Divorce Analysis Blog

Advanced Ideas About Divorce and Money

Divorce and insurance contracts: annuities in divorce settlements

We have always said that there are numerous ways to arrive at a 50/50 division of assets.  In the case of retirement plans, and more specifically, annuities, attorneys are often unaware of the potential to reduce their clients’ net worth by dividing the contract in half as this portion of an article in Investment News Magazine describes.  At Divorce Analysis, we are experts in advising clients about best ways to think about tax when dividing annuities and other retirement plans.

Breaking up is hard to do – especially with annuities

Attorneys often split contracts in divorce settlements, unaware of the potentially costly impact

By Darla Mercado

March 18, 2012

When a client came to his office bearing her new divorce decree, adviser Dale Russell became the bearer of bad news.
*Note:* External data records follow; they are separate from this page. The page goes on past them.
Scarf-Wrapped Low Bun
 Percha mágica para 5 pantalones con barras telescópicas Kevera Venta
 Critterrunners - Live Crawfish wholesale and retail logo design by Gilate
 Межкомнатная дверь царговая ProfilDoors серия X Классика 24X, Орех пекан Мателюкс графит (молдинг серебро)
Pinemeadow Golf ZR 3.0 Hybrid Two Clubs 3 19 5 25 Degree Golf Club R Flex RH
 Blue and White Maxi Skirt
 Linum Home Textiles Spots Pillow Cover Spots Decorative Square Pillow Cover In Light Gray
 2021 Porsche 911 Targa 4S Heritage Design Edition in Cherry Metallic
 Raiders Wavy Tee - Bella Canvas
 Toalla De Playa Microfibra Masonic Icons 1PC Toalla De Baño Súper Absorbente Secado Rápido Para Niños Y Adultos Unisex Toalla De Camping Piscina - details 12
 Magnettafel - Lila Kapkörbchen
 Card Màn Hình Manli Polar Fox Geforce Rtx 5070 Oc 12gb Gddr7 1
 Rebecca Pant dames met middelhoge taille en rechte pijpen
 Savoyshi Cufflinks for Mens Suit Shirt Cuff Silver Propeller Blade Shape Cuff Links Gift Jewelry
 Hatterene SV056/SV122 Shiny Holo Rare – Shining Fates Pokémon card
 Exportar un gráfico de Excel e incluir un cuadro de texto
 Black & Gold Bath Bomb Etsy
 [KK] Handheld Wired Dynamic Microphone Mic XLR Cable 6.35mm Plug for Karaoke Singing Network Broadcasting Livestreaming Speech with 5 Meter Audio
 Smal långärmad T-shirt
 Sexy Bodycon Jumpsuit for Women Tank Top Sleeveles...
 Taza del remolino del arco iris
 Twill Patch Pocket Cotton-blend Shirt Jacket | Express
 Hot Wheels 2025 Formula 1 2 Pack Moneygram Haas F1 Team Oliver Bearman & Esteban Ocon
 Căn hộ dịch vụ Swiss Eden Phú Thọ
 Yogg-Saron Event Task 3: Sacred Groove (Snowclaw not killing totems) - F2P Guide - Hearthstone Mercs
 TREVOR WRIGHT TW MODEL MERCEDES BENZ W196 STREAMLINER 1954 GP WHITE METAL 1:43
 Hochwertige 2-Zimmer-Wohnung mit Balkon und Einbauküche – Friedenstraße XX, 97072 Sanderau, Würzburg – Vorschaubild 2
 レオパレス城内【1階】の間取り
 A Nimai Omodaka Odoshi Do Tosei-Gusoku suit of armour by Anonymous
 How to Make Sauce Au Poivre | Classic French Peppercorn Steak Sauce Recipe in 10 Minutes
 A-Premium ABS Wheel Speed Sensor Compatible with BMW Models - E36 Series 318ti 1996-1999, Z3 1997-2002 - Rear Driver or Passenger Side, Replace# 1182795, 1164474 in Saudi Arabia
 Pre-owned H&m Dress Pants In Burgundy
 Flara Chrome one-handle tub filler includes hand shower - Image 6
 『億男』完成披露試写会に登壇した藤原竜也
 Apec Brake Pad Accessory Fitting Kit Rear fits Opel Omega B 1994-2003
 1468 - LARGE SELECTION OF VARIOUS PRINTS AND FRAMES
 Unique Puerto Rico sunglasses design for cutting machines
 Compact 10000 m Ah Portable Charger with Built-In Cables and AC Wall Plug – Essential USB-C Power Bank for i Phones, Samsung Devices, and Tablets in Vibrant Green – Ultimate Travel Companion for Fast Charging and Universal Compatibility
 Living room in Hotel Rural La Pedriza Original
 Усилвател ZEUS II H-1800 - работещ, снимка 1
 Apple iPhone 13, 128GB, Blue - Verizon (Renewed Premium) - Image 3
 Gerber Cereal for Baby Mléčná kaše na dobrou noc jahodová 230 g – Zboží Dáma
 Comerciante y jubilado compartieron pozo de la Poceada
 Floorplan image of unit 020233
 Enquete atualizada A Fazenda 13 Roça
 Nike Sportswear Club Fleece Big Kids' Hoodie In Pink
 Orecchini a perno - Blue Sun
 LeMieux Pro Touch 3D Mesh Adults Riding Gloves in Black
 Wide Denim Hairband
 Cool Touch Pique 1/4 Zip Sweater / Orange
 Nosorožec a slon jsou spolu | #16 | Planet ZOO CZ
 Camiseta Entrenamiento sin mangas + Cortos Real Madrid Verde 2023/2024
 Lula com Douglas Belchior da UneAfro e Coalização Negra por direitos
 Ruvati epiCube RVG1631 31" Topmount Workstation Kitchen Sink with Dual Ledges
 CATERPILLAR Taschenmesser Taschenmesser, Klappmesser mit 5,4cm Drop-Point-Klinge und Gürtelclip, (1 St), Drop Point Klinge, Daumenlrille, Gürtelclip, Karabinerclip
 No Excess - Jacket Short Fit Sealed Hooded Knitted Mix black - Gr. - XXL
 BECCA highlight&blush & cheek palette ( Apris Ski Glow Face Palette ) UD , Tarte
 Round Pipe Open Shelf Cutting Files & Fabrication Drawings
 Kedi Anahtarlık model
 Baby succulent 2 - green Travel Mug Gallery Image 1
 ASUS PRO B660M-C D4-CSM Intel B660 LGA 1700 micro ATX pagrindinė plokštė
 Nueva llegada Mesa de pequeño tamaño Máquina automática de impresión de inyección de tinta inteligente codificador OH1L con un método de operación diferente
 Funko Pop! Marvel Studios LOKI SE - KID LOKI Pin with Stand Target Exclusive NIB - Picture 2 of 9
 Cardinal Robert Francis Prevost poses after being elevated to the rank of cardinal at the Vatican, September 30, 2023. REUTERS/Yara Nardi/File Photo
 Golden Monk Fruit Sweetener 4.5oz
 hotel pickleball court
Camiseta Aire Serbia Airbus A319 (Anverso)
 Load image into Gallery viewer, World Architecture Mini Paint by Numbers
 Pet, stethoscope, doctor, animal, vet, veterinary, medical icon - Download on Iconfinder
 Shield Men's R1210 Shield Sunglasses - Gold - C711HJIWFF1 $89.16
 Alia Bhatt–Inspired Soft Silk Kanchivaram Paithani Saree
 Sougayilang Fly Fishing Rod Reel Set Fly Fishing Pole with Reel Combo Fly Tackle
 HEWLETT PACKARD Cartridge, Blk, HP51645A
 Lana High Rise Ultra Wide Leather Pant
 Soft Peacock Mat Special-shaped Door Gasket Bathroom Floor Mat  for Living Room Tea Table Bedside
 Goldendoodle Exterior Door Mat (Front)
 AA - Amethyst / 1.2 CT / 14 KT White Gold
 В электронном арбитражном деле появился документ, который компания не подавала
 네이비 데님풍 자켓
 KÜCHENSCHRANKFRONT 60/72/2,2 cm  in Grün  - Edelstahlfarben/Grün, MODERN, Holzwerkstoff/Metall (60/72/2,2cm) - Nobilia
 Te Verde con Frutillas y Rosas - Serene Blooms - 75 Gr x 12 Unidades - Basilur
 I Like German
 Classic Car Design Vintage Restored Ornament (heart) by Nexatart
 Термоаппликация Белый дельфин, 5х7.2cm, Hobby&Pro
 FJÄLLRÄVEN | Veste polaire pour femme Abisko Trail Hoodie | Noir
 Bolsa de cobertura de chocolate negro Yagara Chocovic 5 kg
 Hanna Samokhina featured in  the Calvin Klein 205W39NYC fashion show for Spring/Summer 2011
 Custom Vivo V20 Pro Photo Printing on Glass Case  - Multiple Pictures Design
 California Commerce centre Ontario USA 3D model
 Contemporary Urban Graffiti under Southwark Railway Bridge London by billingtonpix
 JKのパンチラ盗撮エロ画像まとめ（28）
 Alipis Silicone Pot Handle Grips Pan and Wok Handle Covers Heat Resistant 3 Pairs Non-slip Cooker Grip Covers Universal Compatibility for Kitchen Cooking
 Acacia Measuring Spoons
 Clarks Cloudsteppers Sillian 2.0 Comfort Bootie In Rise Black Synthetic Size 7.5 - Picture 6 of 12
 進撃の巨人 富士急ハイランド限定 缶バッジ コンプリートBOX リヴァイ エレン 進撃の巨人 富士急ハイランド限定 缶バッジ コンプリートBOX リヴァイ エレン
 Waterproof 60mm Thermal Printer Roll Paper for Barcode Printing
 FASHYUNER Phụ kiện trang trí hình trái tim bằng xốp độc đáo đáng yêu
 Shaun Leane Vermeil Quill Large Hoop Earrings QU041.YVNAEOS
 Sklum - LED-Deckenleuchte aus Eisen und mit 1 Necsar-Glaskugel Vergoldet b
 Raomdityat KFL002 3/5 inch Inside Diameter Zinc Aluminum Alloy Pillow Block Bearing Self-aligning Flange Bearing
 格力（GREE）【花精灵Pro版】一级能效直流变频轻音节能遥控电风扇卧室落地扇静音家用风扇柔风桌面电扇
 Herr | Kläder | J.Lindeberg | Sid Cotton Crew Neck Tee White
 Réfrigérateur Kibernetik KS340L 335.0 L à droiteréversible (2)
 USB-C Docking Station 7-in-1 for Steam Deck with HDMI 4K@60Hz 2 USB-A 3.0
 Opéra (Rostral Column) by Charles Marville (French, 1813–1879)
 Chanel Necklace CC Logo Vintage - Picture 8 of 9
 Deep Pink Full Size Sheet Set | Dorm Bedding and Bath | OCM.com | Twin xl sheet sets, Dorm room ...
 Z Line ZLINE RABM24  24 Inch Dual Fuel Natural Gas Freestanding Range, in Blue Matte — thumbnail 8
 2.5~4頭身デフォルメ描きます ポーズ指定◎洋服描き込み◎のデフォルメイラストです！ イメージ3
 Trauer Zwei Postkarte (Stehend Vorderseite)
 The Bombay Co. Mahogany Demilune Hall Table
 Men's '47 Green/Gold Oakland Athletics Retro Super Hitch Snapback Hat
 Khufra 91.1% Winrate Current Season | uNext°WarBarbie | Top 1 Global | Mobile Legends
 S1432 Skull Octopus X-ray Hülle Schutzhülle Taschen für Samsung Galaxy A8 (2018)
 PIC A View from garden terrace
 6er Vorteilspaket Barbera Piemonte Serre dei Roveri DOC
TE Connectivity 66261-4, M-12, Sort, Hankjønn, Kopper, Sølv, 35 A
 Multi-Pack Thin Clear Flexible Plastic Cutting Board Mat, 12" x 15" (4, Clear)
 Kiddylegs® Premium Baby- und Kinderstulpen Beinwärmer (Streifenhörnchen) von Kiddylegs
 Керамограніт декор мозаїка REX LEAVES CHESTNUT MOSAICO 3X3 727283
During the divorce proceedings, the couple’s lawyers decided that their chief financial asset, a $500,000 variable annuity inside one of their individual retirement accounts, was to be split among the two. But that Solomon-like decision was made without the attorneys’ awareness of its dire financial consequences.

Splitting the variable annuity meant that Mr. Russell’s client had to pay an 8% surrender charge and a 10% penalty for an early withdrawal from the IRA.

For Mr. Russell, vice president of Gallo & Russell Inc., the experience is hardly uncommon.

With nearly one in two marriages ending in divorce, financial advisers who deal with divorcing couples often face complex problems connected with untangling annuities that are in the pool of shared assets.

With divorce attorneys typically unaware of the nuances of annuity contracts and the various ways insurers treat contracts in the context of divorce, and with advisers typically out of the loop when settlements are hammered out, the problem lands in the lap of advisers.

“In the case of my client, there wasn’t much I could do in the way of alternatives,” said Mr. Russell, who hadn’t been consulted before the couple began preparing for the split.

“This was essentially the only asset they had, and instead of my client’s getting the $250,000 she expected, she’s getting almost $50,000 less,” he said.